Work at SourceForge, help us to make it a better place! We have an immediate need for a Support Technician in our San Francisco or Denver office.

Close

large image size/memory management/PIL

2005-08-15
2013-05-02
  • Gawain Lavers
    Gawain Lavers
    2005-08-15

    This is probably a PIL or python issue more than a ZoomifyImage issue, but I thought there might be some interest here.  I'm having difficulty running a large TIFF file (17888x45408, 3.0gb).  I get the following traceback:

    Traceback (most recent call last):
      File "/insitu1/lavers2/ZoomifyImage/ZoomifyFileProcessor.py", line 135, in ?
        processor.ZoomifyProcess(sys.argv[1:])
      File "/insitu1/lavers2/ZoomifyImage/ZoomifyFileProcessor.py", line 127, in ZoomifyProcess
        self.processImage()
      File "/home/lavers2/ZoomifyImage/ZoomifyBase.py", line 199, in processImage
        imageRow = image.crop([0, ul_y, self.originalWidth, lr_y])
      File "/home/lavers2/python/lib/python2.4/site-packages/PIL/Image.py", line 673, in crop
        self.load()
      File "/home/lavers2/python/lib/python2.4/site-packages/PIL/ImageFile.py", line 155, in load
        self.load_prepare()
      File "/home/lavers2/python/lib/python2.4/site-packages/PIL/ImageFile.py", line 221, in load_prepare
        self.im = Image.core.new(self.mode, self.size)
    MemoryError

    I've found some reference to this being an issue with PIL needing enough memory to store the entire image, but I have 2GB of RAM and 3GB of swap, so I think I ought to be covered.  Do either python or PIL self-limit their memory usage?

     
    • adam smith
      adam smith
      2005-09-13

      For those who might stumble upon this message....

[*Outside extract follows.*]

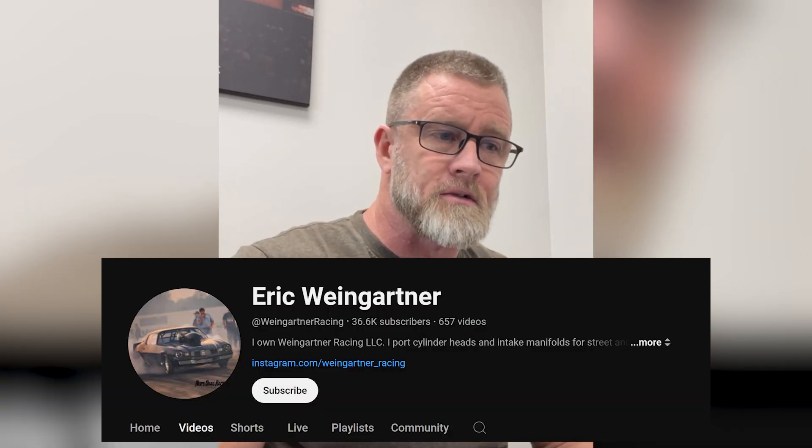I'm not sure if a bunch of you guys followed the little LS3 camshaft challenge or not. It's a pretty cool deal and I wanted to not only go over the results of the camshaft challenge but explain my methodology of what I chose for the camshaft to be entered into this competition. This was Eric Weingartner's camshaft challenge. This was a carbureted engine — a carbureted LS engine.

      I have been discussing this issue with Gawain offline, and with some guidance from the PIL folks, I am working on an update to the software that will allow it to load less image data into memory as each image is processed, which should allow much larger images to be processed.

      adam

       
    • Gawain Lavers
      Gawain Lavers
      2005-09-13

      So -- I have a rough script which uses Image Magick to perform the task, and it does so successfully -- as far as I can tell.  I've cut a 3.1 GB image (17888x45408 -- 16679 tiles, 66 TileGroup folders, 9 tiers, 137MB of jpegs).  It's not efficient in terms of disk usage/file creation -- it creates a separate file for each row before cutting tiles from the rows.

      The thing about Image Magick (already gone over this with Adam) is that it uses temporary files when it runs out of memory, and you can use env vars (TMPDIR or MAGICK_TMPDIR) to direct where these files are placed.  The temporary files had been swamping my root drive (default /tmp) as they are often in excess of 10GB.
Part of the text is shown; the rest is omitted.